Mesangial cells participate indirectly in the glomerular filtration process by:
The glomerular filtration membrane does not completely surround the capillaries (Figure 14-9). Immunoglobulins and complement molecules, unable to cross the filtration barrier, can enter the mesangial matrix. The accumulation of immunoglobulin complexes in the matrix induces the production of cytokines by mesangial cells that trigger an immune response leading to the eventual occlusion of the glomerulus.
Clinical significance: Immuno mediated glomerular diseases
The damage to the glomerulus can be initiated by immune mechanisms. Antibodies against glomerular components (cells and basal lamina) and antibody-complement complexes circulating in blood in patients with systemic autoimmune diseases can cause glomerular injury such as membranoproliferative glomerulonephritis (Figure 14-10), membranous glomerulonephritis and immunoglobulin A nephropathy (Berger’s disease).
Antibody-antigen complexes are not immunologically targeted to glomerular components.

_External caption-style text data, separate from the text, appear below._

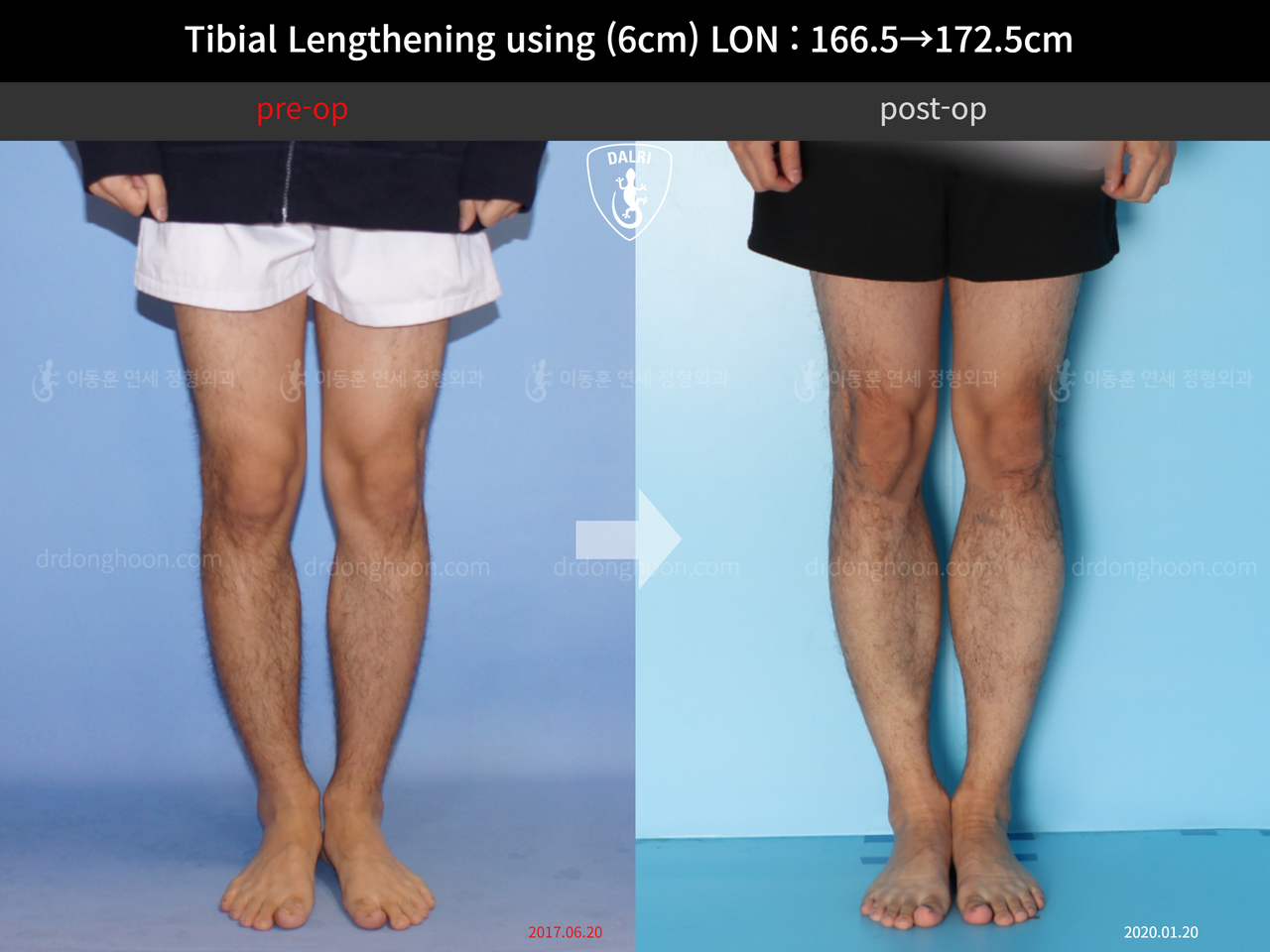 Before and after cll lon, case 11980239, image 5, Dr. Donghoon institute (DALRI)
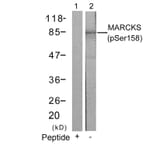 Western blot - MARCKS (Phospho-Ser158) Antibody from Signalway Antibody (11293) - Antibodies.com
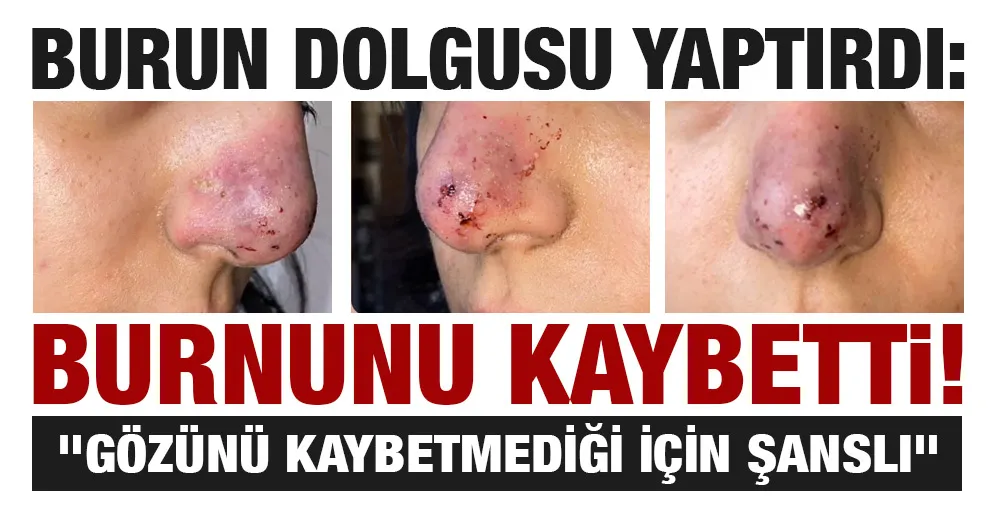 Burun Dolgusu Yaptırdı: Burnunu Kaybetti!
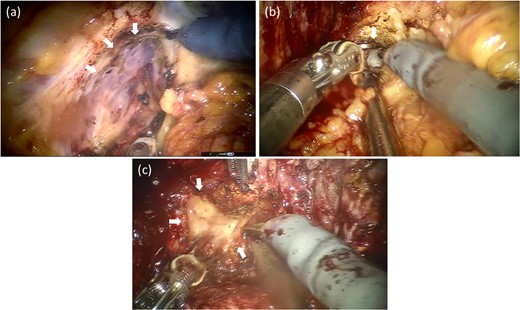 Operative findings after salvage robotic-assisted radical prostatectomy. The left endopelvic fascia had a strong adhesion to the levator ani and was challenging to divide (a). The retrotrigonal layer forming the left side had an extremely strong adhesion and could not be identified (b). The back part of the prostate had the strongest adhesions. The left ampulla of the vas deferens was almost dissolved and could not be identified (c).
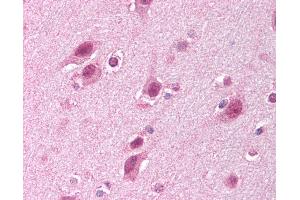 Anti-HUWE1 antibody IHC of human brain, cortex. (HUWE1 抗体  (C-Term))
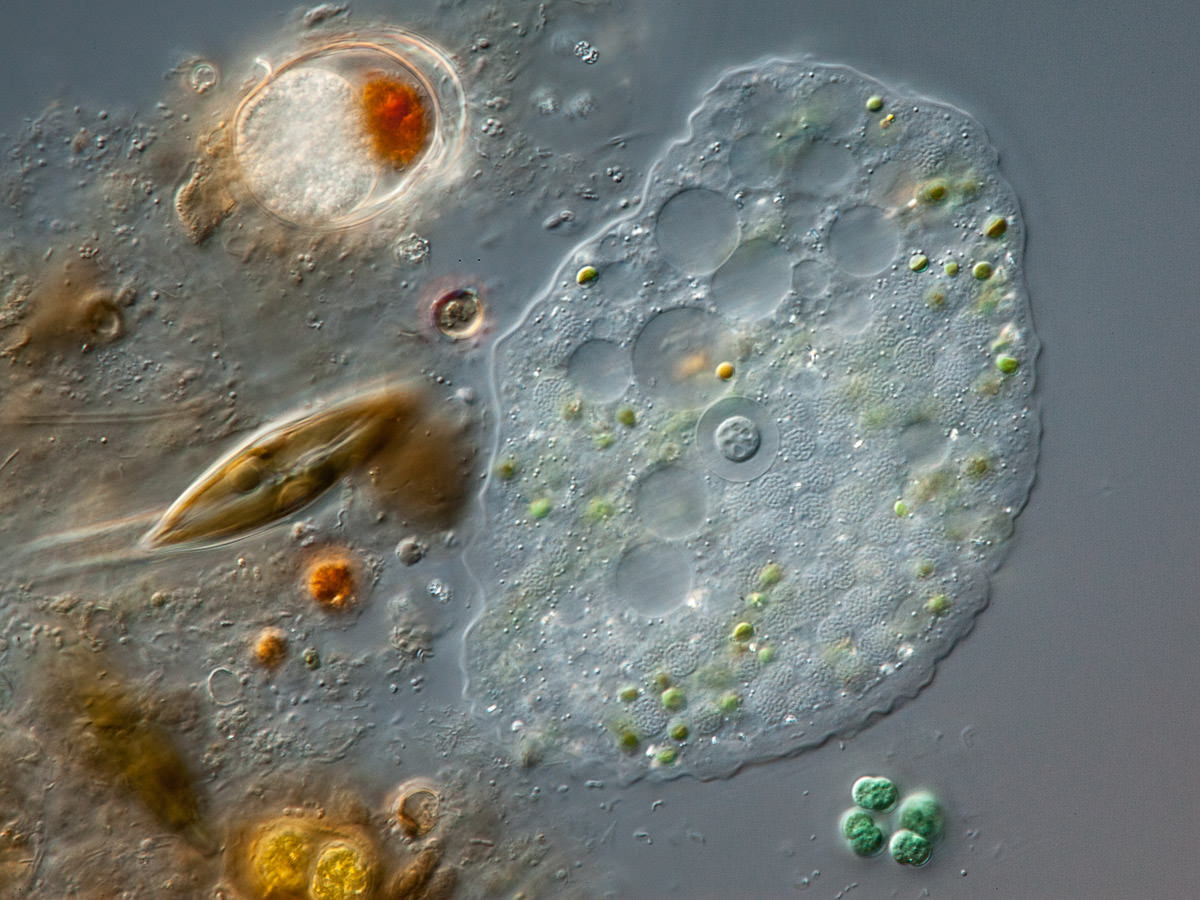  infected with a parasite 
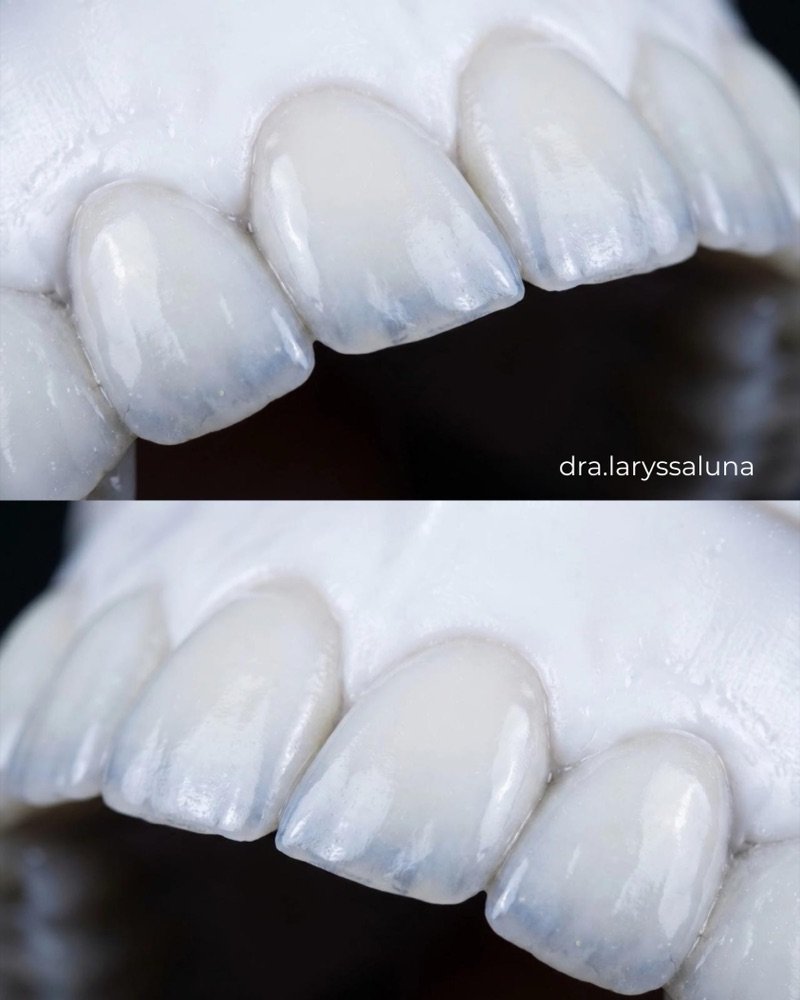Detalhe da translucidez das lentes de resina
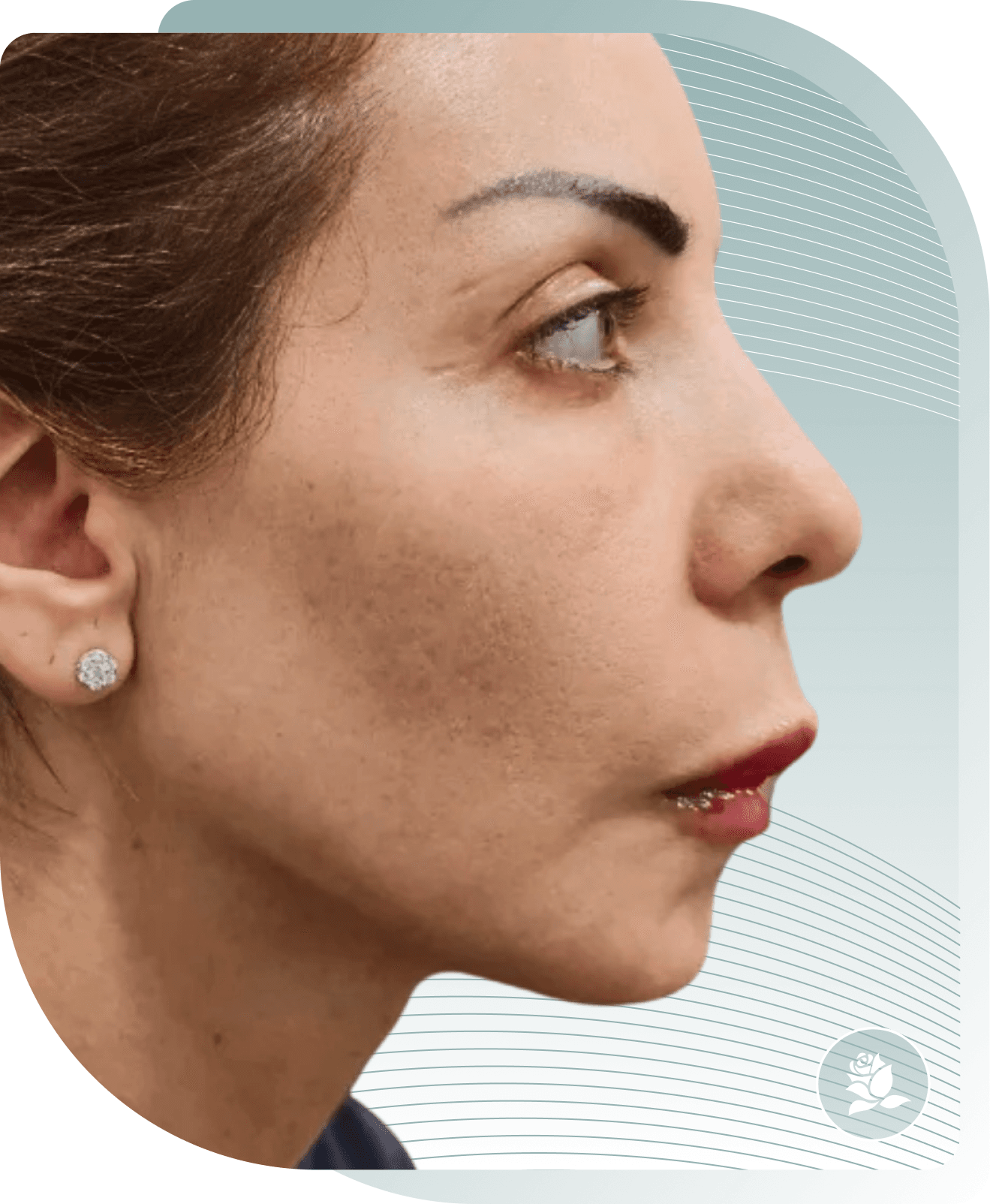 After photo: Dermal Fillers result at Carisma Aesthetics Malta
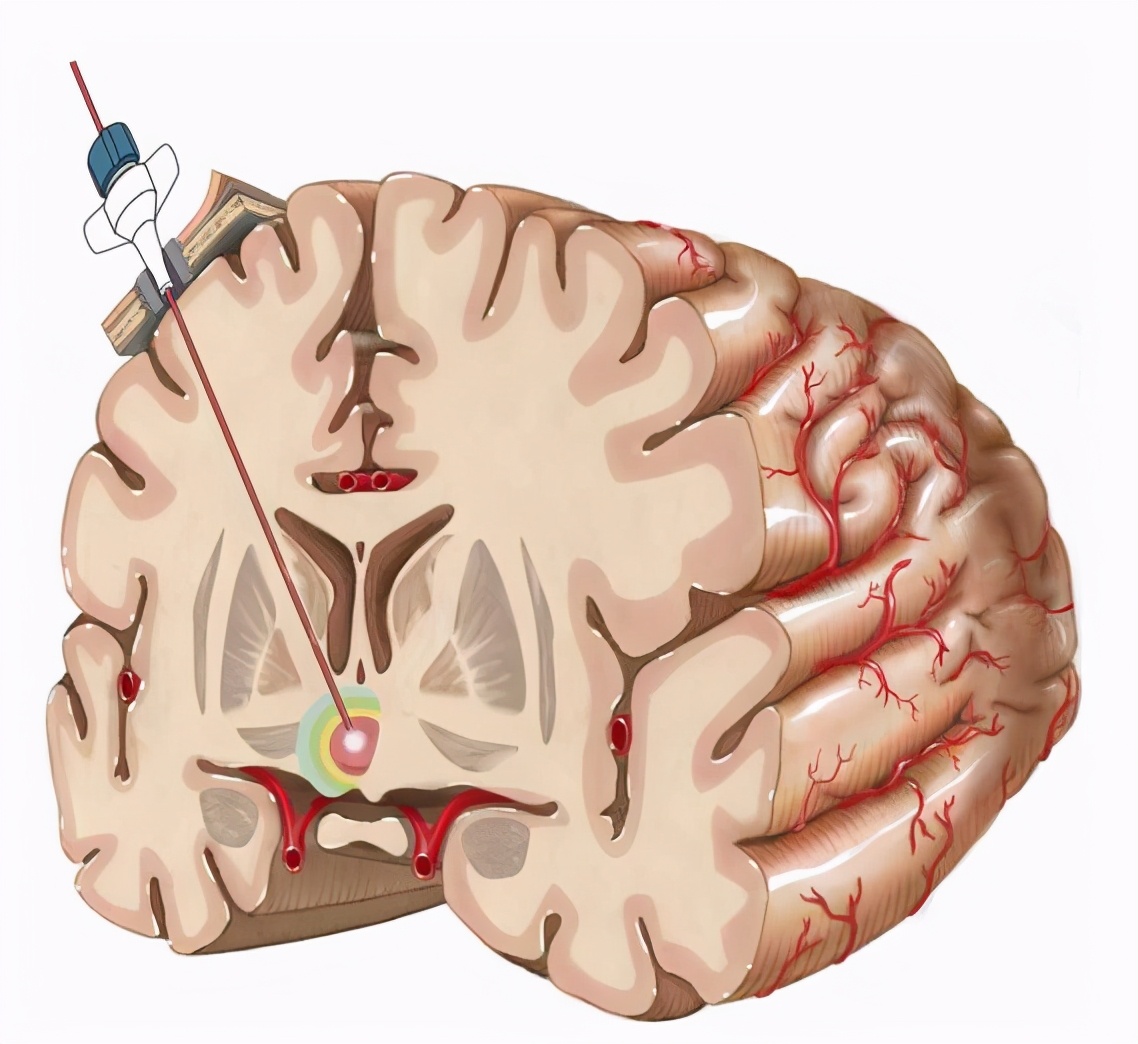 癫痫能治愈吗？激光间质热疗（LITT）如何方寸之间消融病灶？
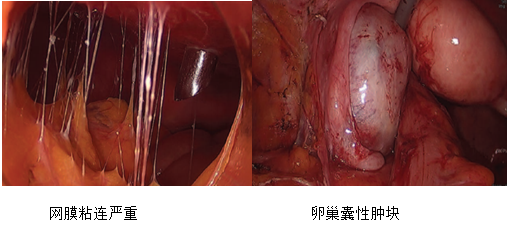 结核性腹膜炎腹部照片图片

They are trapped in the glomerulus because of the filtration properties of the glomerular filtration barrier. A complicating factor is that trapped antibody-antigen complexes provide binding sites to complement proteins, which also contribute to the glomerular damage (see Chapter 10, Immune-Lymphatic System, for a review of the complement cascade).
Immune complexes can deposit between the endothelial cells of the glomerular capillaries and the basal lamina (subendothelial deposits, see Figure 14-10), in the mesangium, and less frequently between the basal lamina and the foot processes of podocytes (subepithelial deposits).
Immune complexes produced after bacterial infection can cause the proliferation of glomerular cells (endothelial and mesangial cells) and attract neutrophils and monocytes. This condition, known as acute proliferative glomerulonephritis, is observed in children and is generally reversible with treatment. This disease is more severe in adults: it can evolve into rapidly progressive (crescentic) glomerulonephritis (Figure 14-11).